Feed the Beast also follows the success of "Unholy," which won the Grammy this year for best pop duo/performance and made Petras the first trans woman to win in the category. But "Unholy," a meaningless romp about a daddy doing unsavory acts at the body shop, was a caricature of what "queer music" could be. It's a song designed for heterosexual middle America to clutch their pearls to, but not nearly transgressive enough to be actually scandalous. On the track Petras is an afterthought, her presence reduced to that of a diversity vixen, a disembodied female voice designed to add some much-needed levity.

There's an example to be made out of one of Feed the Beast's singles, "Alone (with Nicki Minaj)," a slightly rote sampling of the trance anthem "Better Off Alone" by Alice Deejay.
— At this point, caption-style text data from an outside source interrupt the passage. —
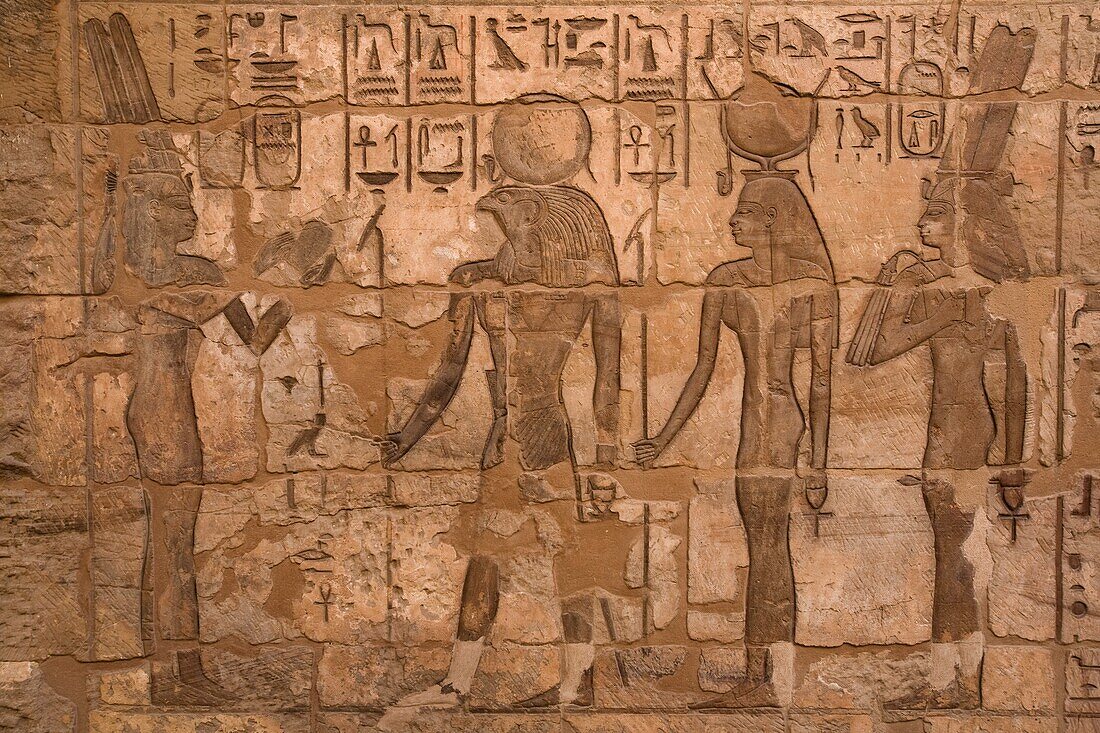Hieroglyphen im Tempel von Karnak
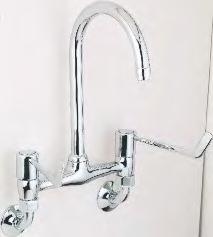 of lever with maximum temperature adjustment Operates under unequal pressure Includes spray feature to reduce water wastage Sold as a single mixer tap Product
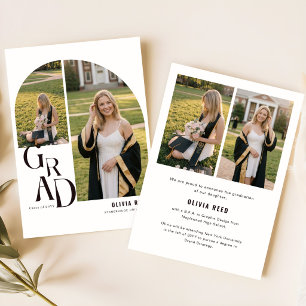 Moderne Abschluss Collage Foto Absolvent Architekt Ankündigung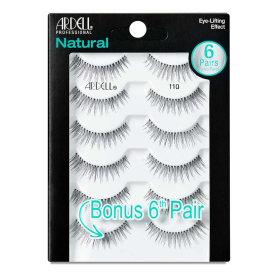 Ardell Natural Lashes 5 Pairs -  110 Black 68981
Months ago, the song was teased on social media, prompting a level of anticipation that Petras, frankly, needed, after a string of lackluster singles and collaborations including "brrr," the remix of Meghan Trainor's "Made You Look," and the confusing "If Jesus Was A Rockstar" (the latter was appropriately left off of Feed the Beast). It promised a song along the lines of the simple ditties of Slut Pop, a track for the girls and gays to dance to this summer. After all, creating a song by sampling an already classic, queer dance anthem is, inherently, gay catnip.
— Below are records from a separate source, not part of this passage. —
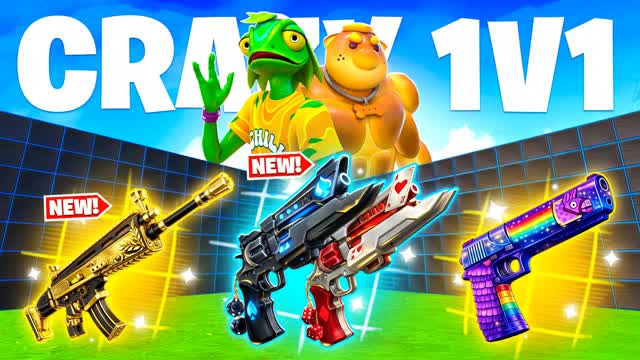 CRAZY 1V1 FFA - ALL GUNS & RIDES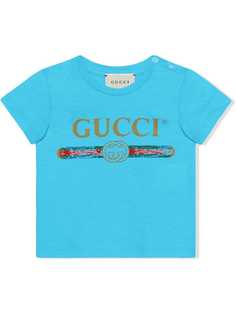 Gucci Kids футболка с логотипом Gucci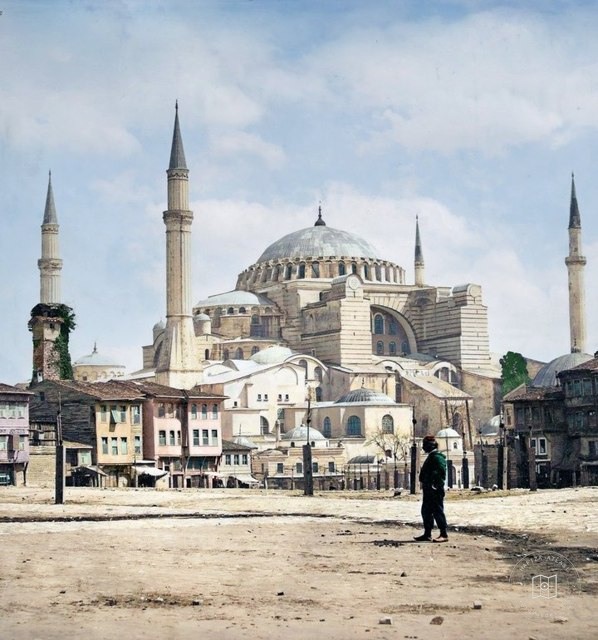 Hagia Sophia Mosque, 1860–1880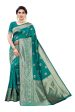 Vamika Banarasi Jacquard Weaving Green Saree (Siri Green) Online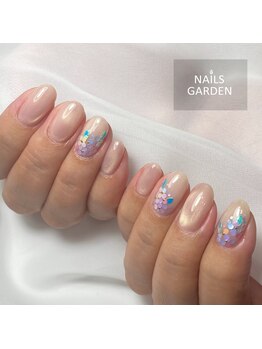 ネイルズガーデン(NAILS GARDEN)/紫陽花ネイル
When the song dropped, though, it was a lackluster trap-pop hybrid that immediately felt past its prime, the sample mostly discarded, with an anticlimactic Nicki Minaj verse that would land itself on the lower tier of her features. It is a hollow song, one that could possibly indicate how the industry sees Kim: a queer-pandering pop star stuck between mass, commercial success and alternative celebrity. This dichotomy, then, results in songs like "Alone," pieces not fit for her core fans, nor crowd-pleasing radio, despite best efforts to work for both. Since the song's release, Petras released several remixes of "Alone," including one named "Alone - 2.0" that remedies the main issue with the original, forgoing the muted trap verses for pounding, sample-heavy dance-pop production. It shows she's not entirely unaware, but that's why Feed the Beast is so frustrating: it's toeing the line of two worlds, unsuccessfully appealing to either.
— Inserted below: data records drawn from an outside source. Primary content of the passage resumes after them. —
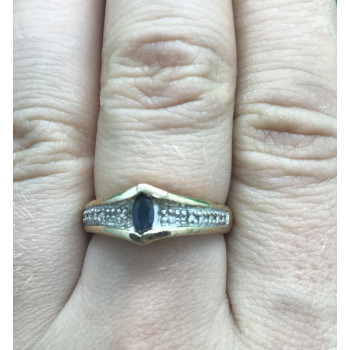 Sky Jewelry Серебряное кольцо (позолота) с камнем Шпинель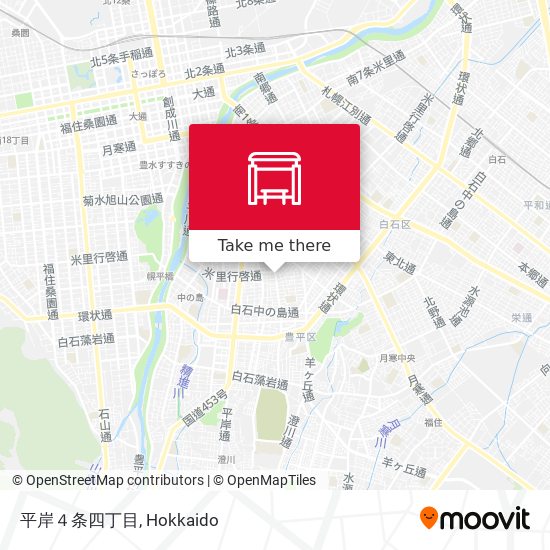 平岸４条四丁目 map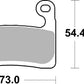 Sbs DS Racing Dual Sintered Brake Pads For BMW S 1000 RR 2019-2021 960DS-2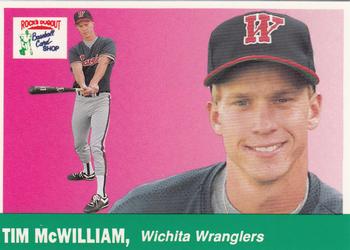 1991 Rock's Dugout Wichita Wranglers #22 Tim McWilliam Front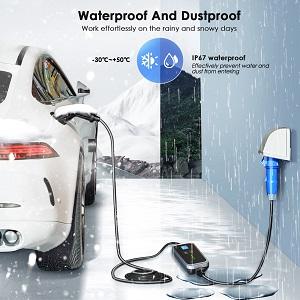 모바일 16A 32A 단일 단계 EV 충전기 2형 1형 GBT EVSE 충전소 6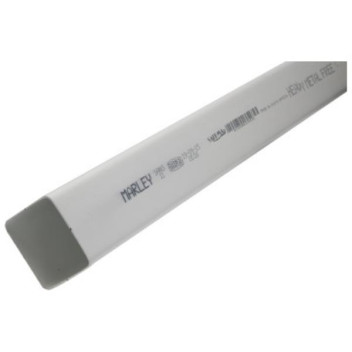 MARLEY SQUARE PVC DOWNPIPE X3m PLAIN ENDED SPH310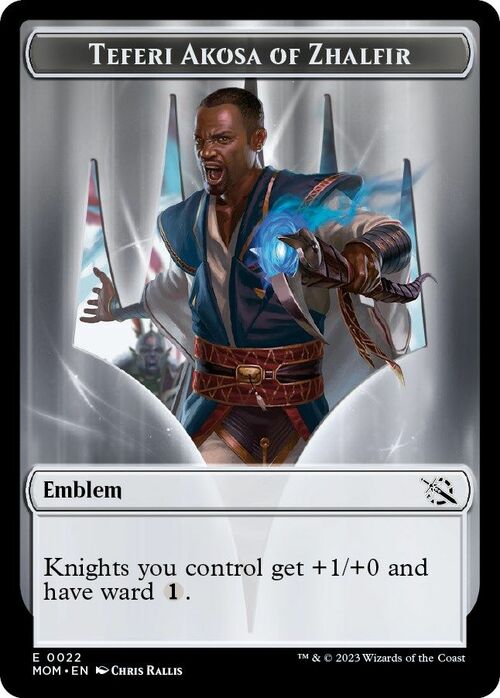 Treasure // Teferi Akosa of Zhalfir Emblem Card Back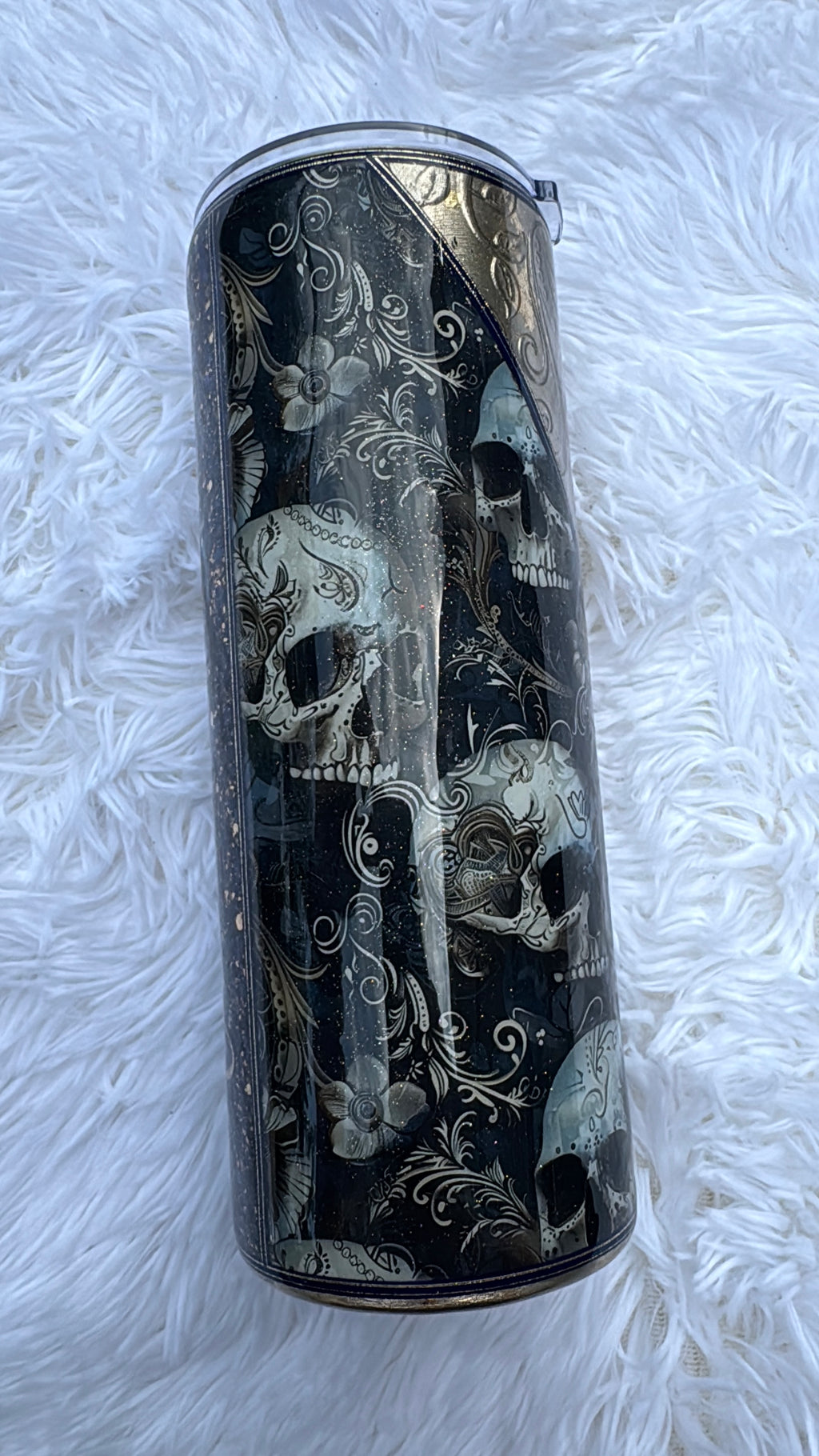 [RTS] 24oz Victorian Skulls Epoxy Tumbler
What does it mean to be a queer-focused, transgender pop star in 2023, achieve a breakout moment with another transgender star and then immediately shun the specific sound and style that give rise to your stardom? It feels a bit like corporate pride platitudes: rainbow t-shirts and credit cards that attempt to placate a marketable demographic, which is then treated as an afterthought when more money is on the table.

Though I would pay good money to never hear "Unholy" again, I do respect that Sam Smith seems to have their own vision. The same can be said for Petras' other collaborators, like Minaj, Paris Hilton and even Trainor. Petras herself, however, doesn't seem to have a vision of her own. As the stages get bigger and the hype gets stronger, what made her voice and sense of self identifiable as an artist has fallen secondary to the sound and appeal required of a pop star in 2023. The exciting promise her music was founded on continues to shrink, and in tandem, her work's central appeal begins to be swallowed up by the pursuit of mainstream success. Maybe it's not Petras' fault, but one of the industry she finds herself in; in a way, she might actually be feeding the beast, just not in the way that she hoped.